The names of entity components are stored in entitynames table, which contains pairs of (entity_id, name_id) values.
The following table structure is used to store all entity names (and localized versions):
Field | Type | Description |
---|---|---|
id | INTEGER | Unique id for the name |
lang | TEXT | Locality/language of the name, can be NULL |
name | TEXT | Name string |
type | INTEGER | Entity types this name refers to |
The relation between tokens (defined next) and names is stored in nametokens table, which contains (name_id, token_id) pairs.
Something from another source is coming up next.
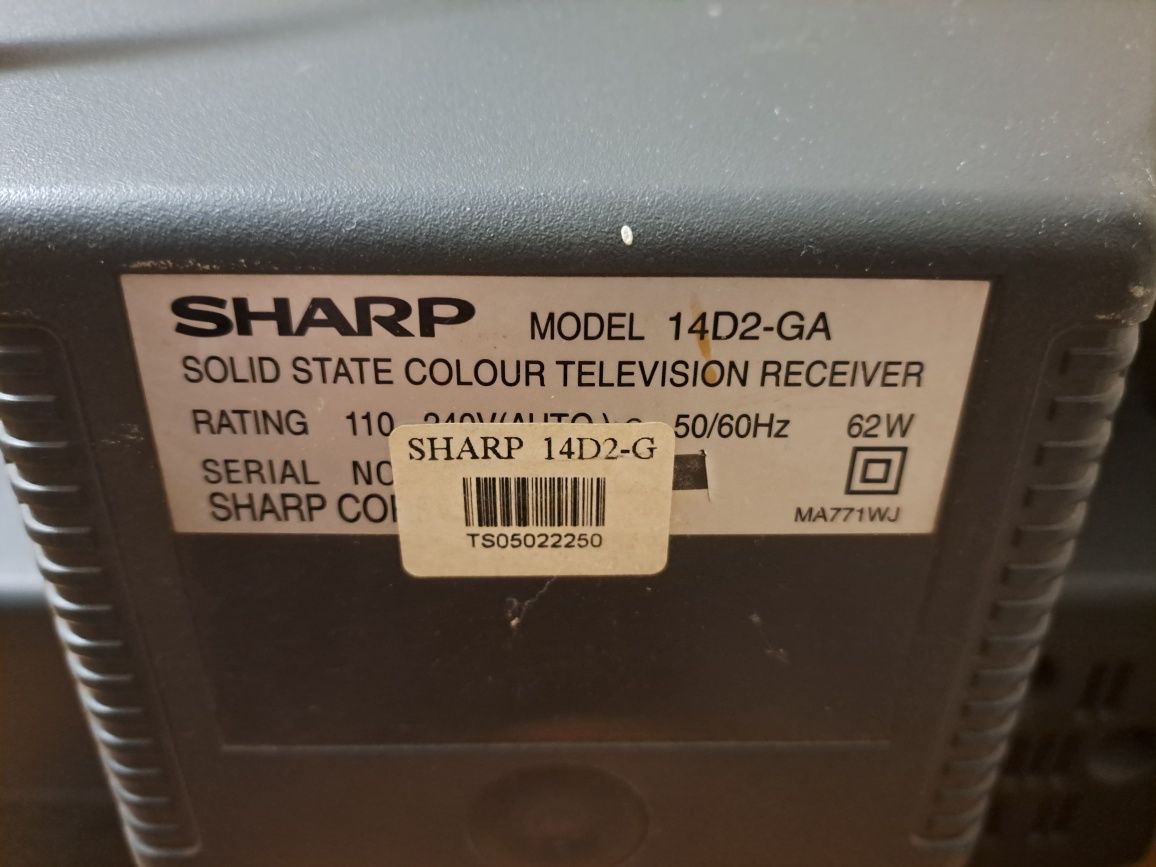 Телевизор Sharp 14Д2-GA цветной,переносной,  фирменный, оригинальный я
Tokens are sequences of characters used for resolving names. Tokens are normalized (converted to lower case, with diacritical marks dropped) and do not contain any separators or whitespace symbols. The following table structure is used for tokens:
Field | Type | Description |
---|---|---|
id | INTEGER | Unique id for the token |
token | TEXT | Token string value |
idf | REAL | Token Inverse Document Frequency |
typemask | INTEGER | The bitmask of entity types this token refers to |
Here idf field is calculated as log(totalTokenCount / thisTokenCount) where totalTokenCount is the count of all tokens in all names and thisTokenCount counts the number of occurences of this token in all names. Note that the token stored is the normalized token (converted to lowercase and symbols translated according to translation_table stored in metadata).
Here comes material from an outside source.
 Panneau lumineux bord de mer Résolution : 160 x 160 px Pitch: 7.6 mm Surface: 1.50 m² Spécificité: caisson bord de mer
Features (geometry with optional metadata, similar to GeoJSON) are encoded as bytestreams with 128-bit varint encoding similar to Google protobuf. Unicode strings are converted to UTF-8 bytestrings and then encoded with explicit UTF-8 length stored as a varint and then followed with the UTF-8 bytes.
Feature collections are encoded as follows:
Field | Type | Description |
---|---|---|
n | varint | Number of features |
features | Feature*n | List of features |
Each feature is encoded as follows:
Field | Type | Description |
---|---|---|
id | varint | Delta-encoded relative to previous id |
geometry | Geometry | Geometry of the feature |
n | varint | Number of properties |
properties | Property*n | List of properties |
Geometry is encoded as follows:
Field | Type | Description |
---|---|---|
type | varint | 1=Point, 2=MultiPoint, 3=LineString, 4=MultiLineString, 5=Polygon, 6=MultiPolygon, 7=Collection |
coords/rings | ... | Encoding depends on type |
The encoding of coordinates or rings is 'natural' - for list types, first a number of elements is stored as a varint, following a list of subtypes. All coordinates are stored as integers by first multiplying each component with the value of encoding_precision (which is stored in metadata table) and then delta encoded relative to the previous coordinate.
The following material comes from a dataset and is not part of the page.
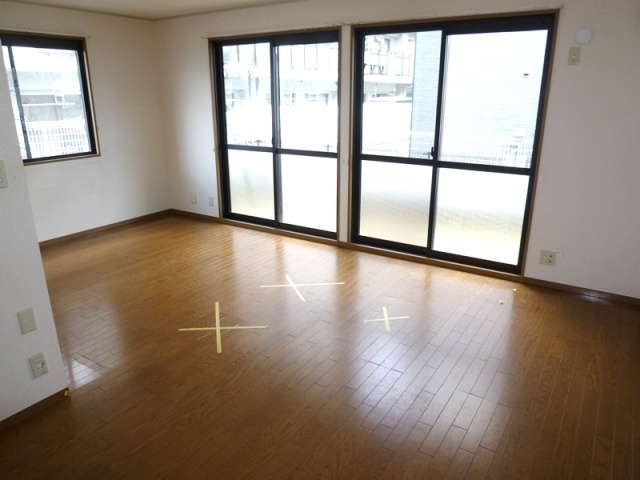 居室・リビング　15帖の広いLDK。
Properties are encoded as pairs of (name, value), where name is a string and each value are encoded as follows:
Field | Type | Description |
---|---|---|
type | varint | 0=Null, 1=Bool, 2=Int, 3=Float, 4=String |
data | ... | Encoding depends on type |
Booleans are stored as varints containing either 0 or 1, Ints are stored as varints. Floats are stored using big-endian 32-bit IEEE 754 encoding,
Geocoding database stores compact 64-bit spatial index for fast reverse geocoding requests. The space is represented internally as a quadtree up to a fixed level (stored as quadindex_level in metadata). Each quadtree node is encoded/represented as 64-bit integer as follows:
(((y << zoom) | x) << 5) | zoom
Each geometry is assigned to the smallest node that fully covers the geometry. To query nearest geometry given a location point we first need to find the smallest node that contains the location point and then move upwards to the parent node until we reach the root node. At each encountered node we query the database using the quadindex of the node.